◆ **Aim of the task**: Search the data for "with" and copy every matching line.

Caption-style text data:
--------------------------------------------------
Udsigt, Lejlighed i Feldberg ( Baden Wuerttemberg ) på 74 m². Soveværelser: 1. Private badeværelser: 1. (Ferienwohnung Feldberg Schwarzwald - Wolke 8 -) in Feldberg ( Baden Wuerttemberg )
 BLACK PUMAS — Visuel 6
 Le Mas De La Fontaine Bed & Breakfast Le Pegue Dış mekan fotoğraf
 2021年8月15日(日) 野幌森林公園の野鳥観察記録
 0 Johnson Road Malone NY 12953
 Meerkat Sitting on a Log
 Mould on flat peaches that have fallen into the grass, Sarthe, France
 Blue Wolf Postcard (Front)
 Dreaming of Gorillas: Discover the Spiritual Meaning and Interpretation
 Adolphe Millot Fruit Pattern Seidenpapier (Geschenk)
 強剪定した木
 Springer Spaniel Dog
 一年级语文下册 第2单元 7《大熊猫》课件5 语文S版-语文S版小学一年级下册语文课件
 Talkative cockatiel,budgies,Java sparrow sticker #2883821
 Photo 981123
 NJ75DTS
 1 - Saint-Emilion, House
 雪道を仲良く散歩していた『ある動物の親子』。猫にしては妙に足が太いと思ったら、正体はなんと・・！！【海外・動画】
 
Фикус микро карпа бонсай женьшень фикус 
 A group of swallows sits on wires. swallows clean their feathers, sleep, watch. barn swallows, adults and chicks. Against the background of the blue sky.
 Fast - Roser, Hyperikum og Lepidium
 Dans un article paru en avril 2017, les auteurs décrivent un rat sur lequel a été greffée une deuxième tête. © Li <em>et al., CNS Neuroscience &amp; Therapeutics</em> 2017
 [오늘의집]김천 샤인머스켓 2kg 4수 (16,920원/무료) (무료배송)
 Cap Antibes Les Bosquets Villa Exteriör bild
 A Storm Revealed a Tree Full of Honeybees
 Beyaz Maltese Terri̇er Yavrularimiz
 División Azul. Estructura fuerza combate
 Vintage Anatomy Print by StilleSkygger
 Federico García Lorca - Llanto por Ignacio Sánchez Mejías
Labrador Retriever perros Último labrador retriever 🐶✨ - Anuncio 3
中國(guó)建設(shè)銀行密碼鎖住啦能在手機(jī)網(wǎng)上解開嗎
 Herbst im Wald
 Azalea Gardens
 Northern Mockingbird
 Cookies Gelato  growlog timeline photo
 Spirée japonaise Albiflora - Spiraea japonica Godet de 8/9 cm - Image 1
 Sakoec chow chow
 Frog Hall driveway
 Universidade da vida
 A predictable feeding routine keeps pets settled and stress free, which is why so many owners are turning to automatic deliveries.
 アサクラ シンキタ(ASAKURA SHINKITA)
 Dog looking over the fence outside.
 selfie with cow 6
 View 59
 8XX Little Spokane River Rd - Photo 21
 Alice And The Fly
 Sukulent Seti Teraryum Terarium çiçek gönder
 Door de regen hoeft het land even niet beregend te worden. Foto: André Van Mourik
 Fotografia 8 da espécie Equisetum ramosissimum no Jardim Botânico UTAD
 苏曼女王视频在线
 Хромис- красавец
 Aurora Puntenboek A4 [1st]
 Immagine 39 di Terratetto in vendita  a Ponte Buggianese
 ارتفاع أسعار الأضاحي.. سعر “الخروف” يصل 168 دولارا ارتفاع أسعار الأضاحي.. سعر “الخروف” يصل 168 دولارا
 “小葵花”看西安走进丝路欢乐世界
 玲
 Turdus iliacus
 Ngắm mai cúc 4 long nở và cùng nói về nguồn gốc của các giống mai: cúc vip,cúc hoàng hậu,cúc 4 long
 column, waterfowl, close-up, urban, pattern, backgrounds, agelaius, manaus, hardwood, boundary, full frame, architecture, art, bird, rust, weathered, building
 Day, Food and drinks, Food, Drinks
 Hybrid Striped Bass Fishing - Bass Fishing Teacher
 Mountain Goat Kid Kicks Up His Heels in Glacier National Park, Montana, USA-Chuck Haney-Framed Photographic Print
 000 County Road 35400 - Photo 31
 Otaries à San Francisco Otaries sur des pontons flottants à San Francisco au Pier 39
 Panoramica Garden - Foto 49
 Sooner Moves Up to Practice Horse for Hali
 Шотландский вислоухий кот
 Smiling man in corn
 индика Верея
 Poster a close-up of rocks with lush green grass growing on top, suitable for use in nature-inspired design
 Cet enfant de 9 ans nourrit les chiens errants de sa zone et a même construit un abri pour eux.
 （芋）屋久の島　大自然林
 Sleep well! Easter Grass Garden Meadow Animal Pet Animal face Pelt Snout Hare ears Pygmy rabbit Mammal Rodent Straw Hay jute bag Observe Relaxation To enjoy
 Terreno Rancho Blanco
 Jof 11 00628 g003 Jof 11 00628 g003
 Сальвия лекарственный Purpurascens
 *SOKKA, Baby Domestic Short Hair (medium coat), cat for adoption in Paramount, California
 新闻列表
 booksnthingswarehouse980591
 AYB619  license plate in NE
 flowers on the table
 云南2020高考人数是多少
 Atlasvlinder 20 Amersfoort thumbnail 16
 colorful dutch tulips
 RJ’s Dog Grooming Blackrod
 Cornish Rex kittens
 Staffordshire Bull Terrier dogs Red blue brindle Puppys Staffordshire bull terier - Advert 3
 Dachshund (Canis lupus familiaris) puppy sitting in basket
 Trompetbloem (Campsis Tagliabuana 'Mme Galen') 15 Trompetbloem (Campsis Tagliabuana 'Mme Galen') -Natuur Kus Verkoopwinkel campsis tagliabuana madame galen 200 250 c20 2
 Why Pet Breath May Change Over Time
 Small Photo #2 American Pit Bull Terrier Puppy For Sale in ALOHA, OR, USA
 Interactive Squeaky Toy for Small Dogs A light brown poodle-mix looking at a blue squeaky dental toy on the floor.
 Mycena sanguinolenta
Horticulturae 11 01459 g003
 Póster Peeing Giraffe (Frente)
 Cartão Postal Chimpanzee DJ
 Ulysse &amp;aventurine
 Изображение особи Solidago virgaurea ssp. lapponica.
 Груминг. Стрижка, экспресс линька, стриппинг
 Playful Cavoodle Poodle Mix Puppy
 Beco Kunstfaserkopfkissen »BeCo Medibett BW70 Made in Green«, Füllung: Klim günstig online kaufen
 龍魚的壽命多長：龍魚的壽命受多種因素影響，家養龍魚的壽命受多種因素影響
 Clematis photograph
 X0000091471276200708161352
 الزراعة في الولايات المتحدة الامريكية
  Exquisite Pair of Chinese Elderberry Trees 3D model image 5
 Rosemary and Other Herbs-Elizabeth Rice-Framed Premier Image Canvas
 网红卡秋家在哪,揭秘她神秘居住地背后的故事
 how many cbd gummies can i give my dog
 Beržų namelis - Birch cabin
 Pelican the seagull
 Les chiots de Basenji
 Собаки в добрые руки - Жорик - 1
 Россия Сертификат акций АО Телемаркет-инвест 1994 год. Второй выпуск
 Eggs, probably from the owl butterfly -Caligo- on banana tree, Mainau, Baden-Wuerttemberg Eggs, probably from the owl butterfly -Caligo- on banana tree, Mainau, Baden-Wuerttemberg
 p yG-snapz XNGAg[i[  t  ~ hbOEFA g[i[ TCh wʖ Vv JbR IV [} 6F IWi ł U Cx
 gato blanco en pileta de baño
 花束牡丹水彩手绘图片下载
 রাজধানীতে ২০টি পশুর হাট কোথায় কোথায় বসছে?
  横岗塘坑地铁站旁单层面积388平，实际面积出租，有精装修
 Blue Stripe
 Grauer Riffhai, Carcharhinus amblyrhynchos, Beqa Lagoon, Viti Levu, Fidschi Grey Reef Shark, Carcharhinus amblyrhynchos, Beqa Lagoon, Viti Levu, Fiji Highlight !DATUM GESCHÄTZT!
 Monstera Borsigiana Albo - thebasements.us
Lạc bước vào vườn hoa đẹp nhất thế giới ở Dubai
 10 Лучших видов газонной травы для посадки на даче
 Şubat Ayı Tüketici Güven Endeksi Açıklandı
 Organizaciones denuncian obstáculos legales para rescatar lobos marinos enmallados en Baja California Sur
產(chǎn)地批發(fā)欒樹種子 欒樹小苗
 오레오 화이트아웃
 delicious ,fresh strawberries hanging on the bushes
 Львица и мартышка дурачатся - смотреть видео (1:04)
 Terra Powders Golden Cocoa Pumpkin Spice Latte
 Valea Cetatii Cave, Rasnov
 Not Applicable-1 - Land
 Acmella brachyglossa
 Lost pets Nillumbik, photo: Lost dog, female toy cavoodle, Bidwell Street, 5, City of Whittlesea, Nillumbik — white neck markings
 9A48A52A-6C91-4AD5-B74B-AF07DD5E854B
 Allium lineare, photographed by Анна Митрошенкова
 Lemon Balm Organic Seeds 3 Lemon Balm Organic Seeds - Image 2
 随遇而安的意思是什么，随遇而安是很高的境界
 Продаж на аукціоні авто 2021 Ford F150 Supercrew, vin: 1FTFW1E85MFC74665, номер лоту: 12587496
--------------------------------------------------
◆ **Reply**:
 selfie with cow 6
 Poster a close-up of rocks with lush green grass growing on top, suitable for use in nature-inspired design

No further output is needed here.